Directions for this task => Make a verbatim copy of the entries below; pictures stay out.

————————

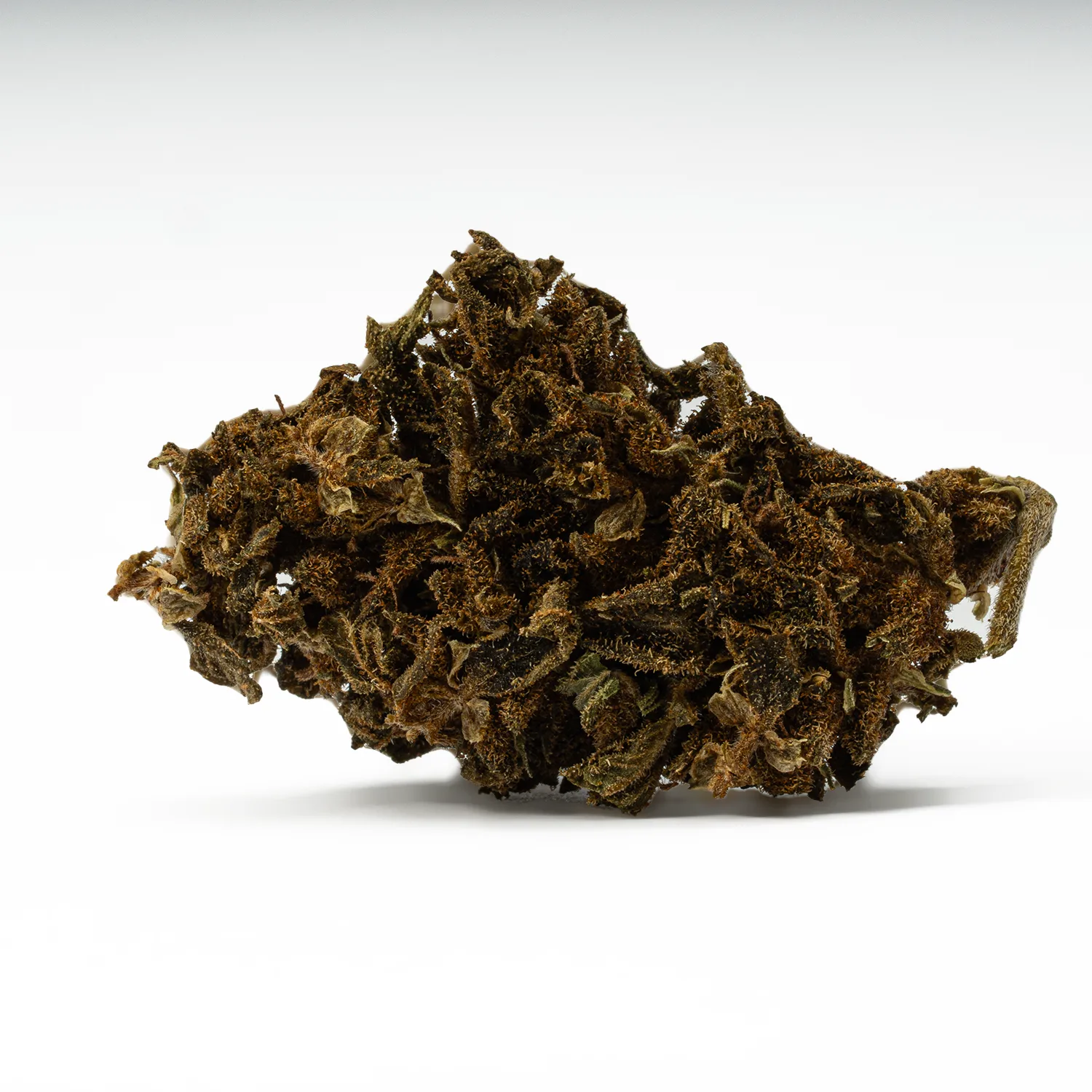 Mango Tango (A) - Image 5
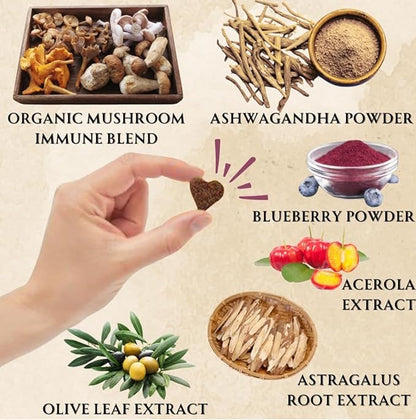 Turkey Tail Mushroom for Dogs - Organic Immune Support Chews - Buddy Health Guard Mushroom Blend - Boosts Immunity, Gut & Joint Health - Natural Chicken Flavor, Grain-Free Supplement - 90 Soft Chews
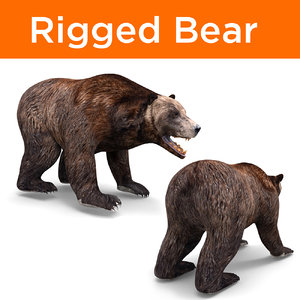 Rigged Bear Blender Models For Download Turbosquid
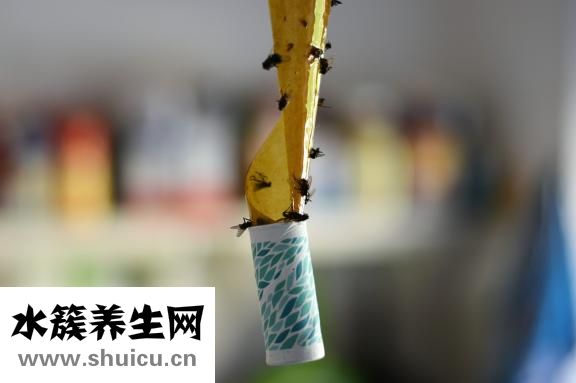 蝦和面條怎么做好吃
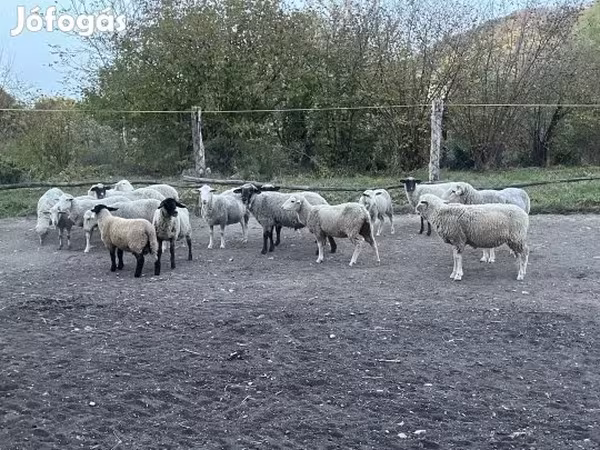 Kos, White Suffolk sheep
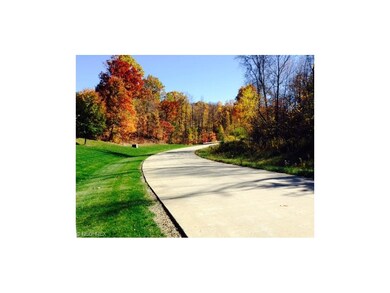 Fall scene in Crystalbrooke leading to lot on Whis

————————

Solution to the problem =>
 Mango Tango (A) - Image 5
 Turkey Tail Mushroom for Dogs - Organic Immune Support Chews - Buddy Health Guard Mushroom Blend - Boosts Immunity, Gut & Joint Health - Natural Chicken Flavor, Grain-Free Supplement - 90 Soft Chews
 Rigged Bear Blender Models For Download Turbosquid
 蝦和面條怎么做好吃
 Kos, White Suffolk sheep
 Fall scene in Crystalbrooke leading to lot on Whis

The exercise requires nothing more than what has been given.